Auf der Homepage der Brauerei stellte ich zu meiner Überraschung fest, dass in Warburg von einer Brauerei neben drei Brausen, einem Gin und einem Bierbrand sagenhafte 14 unterschiedliche Biere produziert werden. Das ist für mich eine sehr große Zahl, denn die Warburger Brauerei bezeichne ich nun nicht als eine bundesweit operierenden Brauerei und die entsprechend viele Kunden hat. Andere würden das als waghalsig bezeichnen, ich finde es ausgesprochen mutig. Unter den 14 Bieren sind aber auch saisonale Biere. Das entzerrt das Bild und zwei der 14 Biere sind alkoholfreie Biere: das alkoholfreie Weissbier und das naturtrübe alkoholfreie Radler.

Kohlschein Brause

Selbstverständlich habe ich auch die drei Limonaden probiert. Orange kann ich ganz schnell abhandeln. Ich finde Orangenlimonade grundsätzlich langweilig und ich habe bisher auch noch keine getroffen, die ich lecker gefunden habe. Die Kohlschein Orangenbrause hat daran nichts geändert. Der Cola-Orangen-Mix ist lecker. Auf der Flasche wird die karamellige Note geworden und die ist definitiv vorhanden. Toll! Aber der Hammer ist die Zitronenlimonade. Ich bin bei Zitronenlimonade sehr wählerisch, da in der Regel die Zitronenlimonaden für meinen Geschmack viel zu süß sind und selten sauer sind. Hier ist es aber sehr ausgewogen. Süß ist die Brause im Antrunk, aber auch sehr zitronig-sauer. 

Radler naturtrüb

Eine Bewertung des Radlers fällt mir identisch schwer wie beim Cola–Orangen–Mix. Das Radler aus Warburg ist durchaus trinkbar. Man schmeckt den Hopfen, man schmeckt die Zitrone, aber ein Radler wird nie mein Lieblingsgetränk sein. Obwohl manche alkoholfreie Biere durch eine Limonade aufgewertet wird. Aber bei der Warburger Brauerei ist das nicht so, das hat das Bier nicht nötig!

Schankbier und Stammwürze

Und dann machte ich mich bei der Brauerei, direkt bei einem der beiden Geschäftsführer, zum Affen. Auf dem Flaschenetikett vom Radler steht, es wird mit obergärigen alkoholfreien Schankbier hergestellt. Ich weiß nicht, was mich geritten hat, aber ich fragte, warum das alkoholfreie Schankbier nicht pur, also ohne Limonade, verkauft wird. Michael Kohlschein antwortet mir, dass sie es doch machen. Ich schaltete immer noch nicht und fragte, da ich ihn bei einem „Online-Feierabendbier“ getroffen habe, Olli Wesseloh von der Kehrwieder Brauerei, was es mit dem Schankbier auf sich hat. Er erklärte und ich formulierte im Kopf die Entschuldigung an Michael Kohlschein. In Gedanken habe ich die flache Hand gegen den Kopf geschlagen. Ich hätte besser das Brett vorm Kopf entfernen müssen. Der Begriff „Schankbier“ sagt etwas zum Stammwürzegehalt aus. Wer mehr dazu wissen möchte, dem kann ich den Artikel bei den Hopfenhelden empfehlen.

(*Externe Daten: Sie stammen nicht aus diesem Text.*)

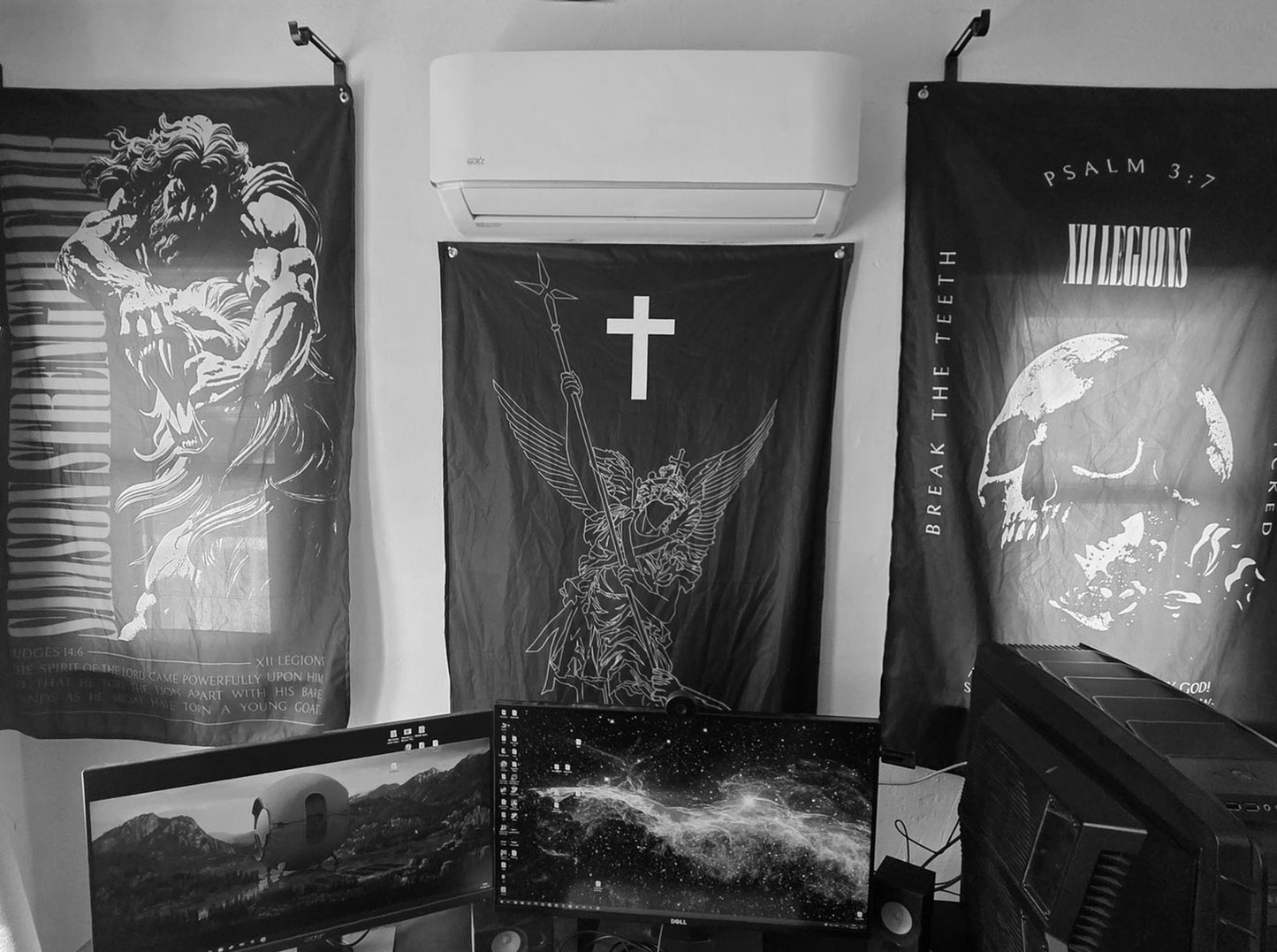 THE WAR STANDARD SET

Für das Radler bedeutet es, dass es mit dem alkoholfreien Weißbier hergestellt wird. Und das wird verkauft und das ist auch gut so.

Bio-Weisse alkoholfrei

Die Bio-Weisse alkoholfrei, so der eigentlich Name, ist ein mit Liebe produziertes Bier. Neben der Liebe auch mit einem großen Aufwand. Um eine hohe Qualität zu generieren, hat die Familie Kohlschein einen erheblichen Aufwand betrieben und die Brauerei im Jahr 2016 erweitert und neue Gerätschaften angeschafft.

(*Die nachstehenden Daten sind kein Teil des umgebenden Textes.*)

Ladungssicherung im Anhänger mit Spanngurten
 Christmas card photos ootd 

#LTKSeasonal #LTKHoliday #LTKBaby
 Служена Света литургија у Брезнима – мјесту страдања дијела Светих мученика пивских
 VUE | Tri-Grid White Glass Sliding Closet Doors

Ich denke eh, wenn eine der kleineren Brauereien den Aufwand für ein alkoholfreies Bier betreibt, dann steckt viel Liebe für das Produkt darin und das schmeckt man. Die Bio-Weisse alkoholfrei schmeckt fruchtig, dezent nach Banane & Brot. Es schmeckt nicht nach Bananenmus und Brottrunk und nicht nach einem isotonischen Sportgetränk.

Ich mag die Idee der Brauerei, gutes Bier für die Region zu brauen mit Produkten aus der Region. Das bedeutet aber auch, dass ich das Warburger Bier nicht so oft zu trinken bekomme. Das ist schade, aber die Vorfreude ist umso größer. Sollte die Familie Kohlschein die Idee haben, ein neues alkoholfreies Bier zu kreieren, bewerbe ich mich hiermit als Produkttester. 

In zwei Wochen treffe ich in Berlin meine Arbeitskollegin Andrea. Da werde ich mich für den Tipp bedanken und vom Bier aus Warburg schwärmen!